Todos contra todos na Argentina: criadora e criatura estão em choque
Cristina Kirchner coloca o filho e herdeiro, Máximo, para descer o chicote no desempoderado presidente que ela elegeu e agora quer substituir
Todo mundo sabia que ia acontecer, como uma novela da qual já se conhece o final, mas nem por isso fica menos interessante assistir o espetáculo do confronto entre um presidente que não manda mais nada, Alberto Fernández, que se desidratou política e fisicamente, e a sempre poderosa Cristina Kirchner.
Flashback rápido: sabendo do alto índice de rejeição a seu nome, Cristina pegou um candidato fraco em 2019 e lhe deu a força necessária para derrotar Mauricio Macri, já com as pernas quebradas por uma crise econômica que, desde então, não parou de aumentar. Ficou, modestamente, com o cargo de vice e a presidência do Senado, garantindo-lhe imunidade para os processos por corrupção.
Agora, impulsionada entre outros fatores pela eleição de Lula, ela acha que pode se livrar do poste e decidiu monocraticamente que também deveria varrer do mapa as eleições primárias, conhecidas como PASO, que escolhem o candidato presidencial de cada coalizão – a peronista é a Frente de Todos.
O presidente Fernández não tem poder, não tem popularidade, não tem dólares e não tem nenhum controle sobre a máquina peronista ou sobre a economia, inteiramente entregue ao ministro Sergio Massa. Mas acredita que deve ser candidato à reeleição.
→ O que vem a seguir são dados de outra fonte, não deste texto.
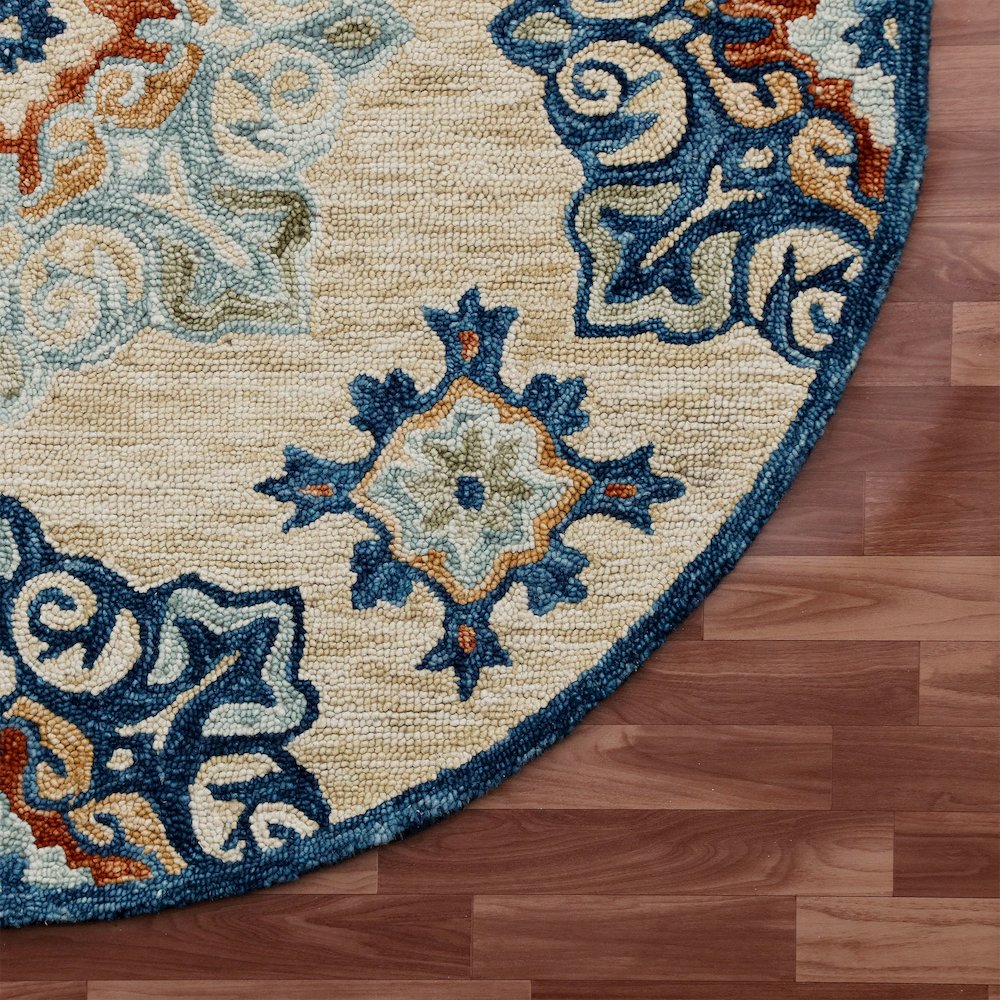 RugsA Beige/Blue Medallion Wool Round Rug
Deve ser alguma coisa na água de Olivos, a residência presidencial.
Mais magro, tendo deixado vários quilos na “dieta de Alberto”, que consiste em não comer nada que é bom, como doces e carboidratos, ele cresceu para cima dos kirchneristas. Levou uma pancada de Máximo Kirchner, o filho que manipula forças mais sombrias, que ironicamente lembrou a existência do turismo de aventura para quem quer viver de maneira perigosa, e respondeu:
“Podem me acusar de qualquer coisa, menos de ser aventureiro. Quando um companheiro critica o outro, começa a deixar de ser peronista”.
Com coragem característica, logo disse que não era uma indireta para Máximo Kirchner. “Eu não estou respondendo a ele. Máximo tem todo direito, é um homem respeitável, tenho uma boa opinião sobre ele, de maneira nenhuma eu o estou contestando”.
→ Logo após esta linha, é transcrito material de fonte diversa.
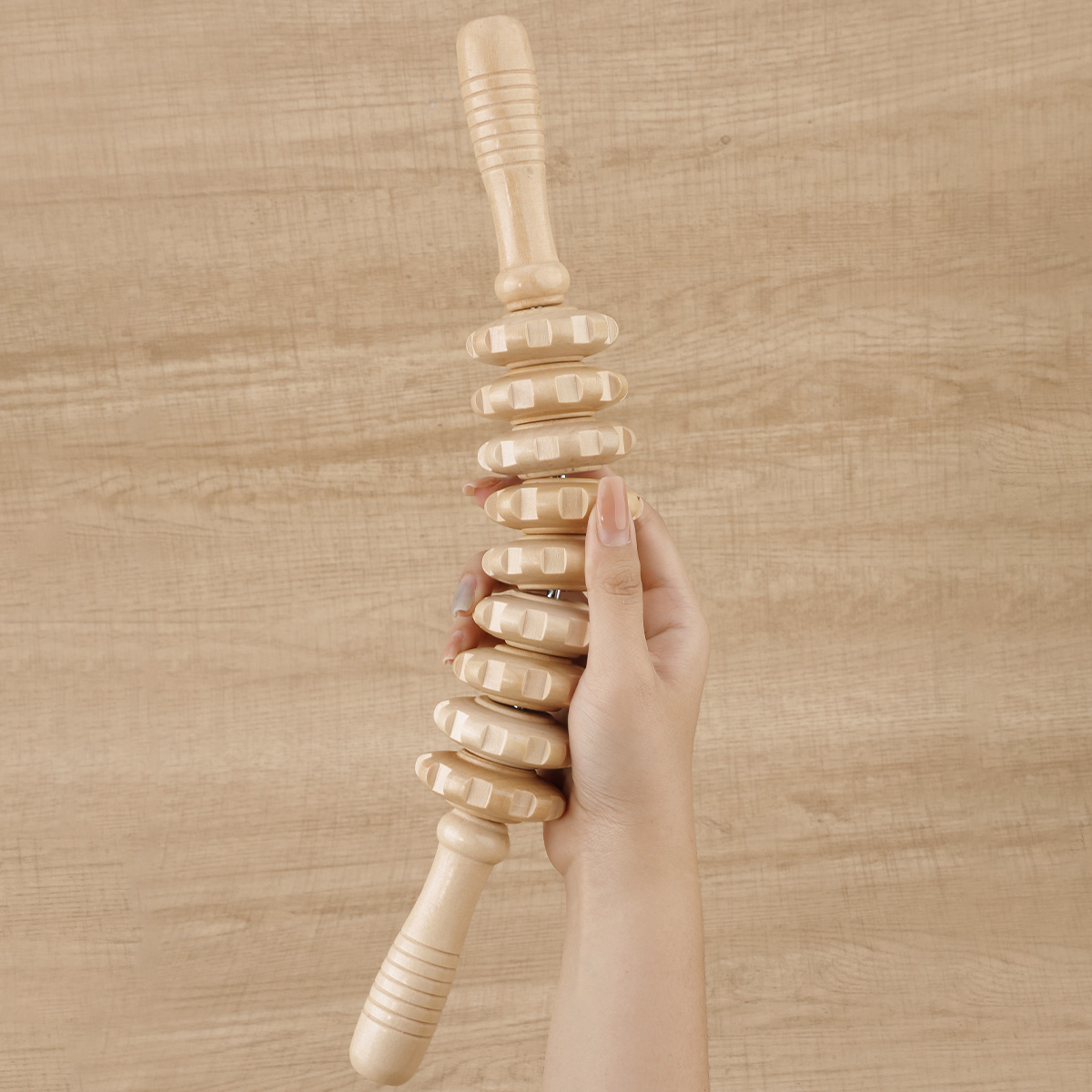 Rolo massageador de terapia de madeira, ponto de gatilho, bastão massageador para fáscia, celulite, músculo e abdômen, corpo, alívio da barriga muscular também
A quem estaria, então, se dirigindo, ao ectoplasma de Carlos Gardel?
O desempoderado presidente argentino é assim, avança um pouquinho e bate em retirada rapidamente. Foi o primeiro a embarcar no avião para cumprimentar Lula e ficar bem na foto com a turma da esquerda, mas sabe que não pode bater de frente com Cristina.
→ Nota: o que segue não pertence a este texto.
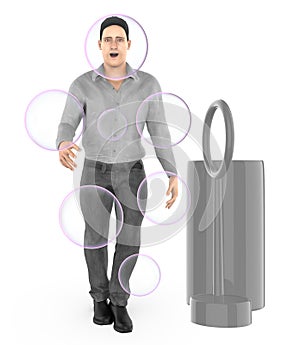 3d character , man and soap bubbles toy , soap bubbles everywhere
“Não me arrependo de nada”, disse, como numa letra de tango bem melodramático.
Para sorte da Frente de Todos, a outra coalizão, Juntos pela Mudança (JPC, no acrônimo em espanhol) também está sendo consumida pelas ambições presidenciais. Macri quer voltar, claro, embora jure o contrário. Outros nomes da frente oposicionista acham que o cavalo selado está passando bem diante deles. Entre eles, Horacio Rodríguez Larreta, prefeito de Buenos Aires, e Patricia Bullrich, a briguenta líder do partido Proposta Republicana.
Antes, a Argentina tem que chegar a 2023. Não e exatamente fácil com inflação projetada de 100% para este ano e reservas praticamente a zero. A “solução” tem pouco de original: um novo programa chamado Preços Justo – o nome menos chocante do tabelamento -, multas para empresas por “abuso de posição dominante” e a retomada da tática de ligar diretamente para os empresários envolvidos quando “se detectam desvios de preços”, segundo o jornal La Nación.
Pode dar certo?
“O mais surpreendente do país em ruína é que sobram candidatos a presidente”, ironizou Fernando González no Infobae. “Brotam todos os dias, como se chegar à Casa Rosada tivesse o glamour de liderar alguma potência econômica”.
“Vou fazer o que tiver que fazer”, já avisou Cristina Kirchner. Alberto Fernández que se prepare para perder mais alguns quilos políticos.